A cela s'ajoutent les tensions vécues ces dernières semaines dans la région. Cependant, comme le souligne M. Ruiz Rodrigo, "après tant d'années de malentendus et de rivières de sang, de haine accumulée et de déroulement d'événements pris dans de nombreux intérêts politiques et économiques, il vaut la peine de continuer à lutter pour une paix stable en Terre Sainte, qui permette le développement de sa culture, de ses peuples et de ses habitants. Je suis convaincu que l'objectif de l'Église est de rechercher la paix, en particulier ici en Terre Sainte.

Le directeur de la Casa de Santiago est très clair : les institutions de l'Église présentes sur la terre de Jésus "doivent travailler pour la paix, et inviter les autres à renforcer les liens de fraternité. Ainsi, toute parole ou tout geste qui conduit à la haine ou à la confrontation ne sera pas une bonne parole et n'aidera pas ce processus de paix. Par conséquent, notre devoir est d'œuvrer à la réconciliation au Moyen-Orient, et celle-ci ne peut être favorisée que par le dialogue, sans positions qui mènent à la confrontation.
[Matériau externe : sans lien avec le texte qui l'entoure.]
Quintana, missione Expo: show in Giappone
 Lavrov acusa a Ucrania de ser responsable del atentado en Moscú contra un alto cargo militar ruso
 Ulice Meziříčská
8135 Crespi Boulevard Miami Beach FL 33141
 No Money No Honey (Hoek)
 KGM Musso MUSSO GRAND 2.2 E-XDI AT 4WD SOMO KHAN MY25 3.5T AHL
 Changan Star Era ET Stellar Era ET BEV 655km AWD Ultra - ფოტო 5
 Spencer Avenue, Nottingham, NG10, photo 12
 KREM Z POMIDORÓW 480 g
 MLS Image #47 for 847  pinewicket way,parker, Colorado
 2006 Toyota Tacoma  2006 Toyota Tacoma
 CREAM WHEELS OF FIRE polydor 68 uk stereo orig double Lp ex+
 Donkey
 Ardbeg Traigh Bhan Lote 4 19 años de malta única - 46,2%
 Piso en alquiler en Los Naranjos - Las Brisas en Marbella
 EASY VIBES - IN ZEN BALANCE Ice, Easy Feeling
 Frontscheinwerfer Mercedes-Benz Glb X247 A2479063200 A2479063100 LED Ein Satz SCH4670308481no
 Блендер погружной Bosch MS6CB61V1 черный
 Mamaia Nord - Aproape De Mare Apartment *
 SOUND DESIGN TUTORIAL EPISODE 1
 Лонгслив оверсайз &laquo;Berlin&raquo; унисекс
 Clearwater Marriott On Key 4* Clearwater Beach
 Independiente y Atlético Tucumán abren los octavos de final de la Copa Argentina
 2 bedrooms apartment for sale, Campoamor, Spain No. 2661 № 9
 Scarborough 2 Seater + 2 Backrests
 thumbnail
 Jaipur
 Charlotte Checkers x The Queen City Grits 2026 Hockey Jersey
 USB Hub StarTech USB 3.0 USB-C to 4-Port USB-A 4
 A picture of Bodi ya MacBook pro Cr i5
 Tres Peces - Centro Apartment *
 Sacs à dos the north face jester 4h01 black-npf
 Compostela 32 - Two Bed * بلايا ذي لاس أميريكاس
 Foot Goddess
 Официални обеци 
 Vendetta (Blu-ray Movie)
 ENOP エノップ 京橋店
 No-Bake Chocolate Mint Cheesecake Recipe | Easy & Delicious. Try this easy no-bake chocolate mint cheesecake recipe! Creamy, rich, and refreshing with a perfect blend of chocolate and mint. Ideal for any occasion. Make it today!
Le Christ a vécu une histoire et une culture, a assumé une certaine géographie, a posé le pied sur un territoire spécifique, qui est la Terre Sainte.

Juan Antonio Ruiz Rodrigo. Directeur de l'IEBA

Pèlerins sur les traces du Christ

Visiter les lieux mêmes où se sont déroulés les événements historiques du Salut est un avant et un après pour tout chrétien qui visite la Terre Sainte. En ce sens, le directeur de l'Institut biblique et archéologique espagnol est convaincu que "c'est un voyage unique pour tout chrétien, car c'est le lieu de l'Incarnation de Dieu. Si la Bible nous présente une histoire du salut, la Terre Sainte est la géographie du salut, car cette histoire a son point de référence concret dans ces terrains vagues et ces déserts, dans les recoins de cette Terre Sainte, si souvent blessée. Sans la référence à la Terre Sainte, la promesse même de Dieu à Abraham n'est pas concevable. La Terre Sainte donne un caractère concret à la Parole de Dieu, lui permettant une forme d'incarnation, avant même que la Parole de Dieu ne devienne chair en Jésus de Nazareth. Le Christ a également vécu une histoire et une culture, a assumé une certaine géographie, a posé le pied sur un territoire spécifique, qui est celui de la Terre Sainte".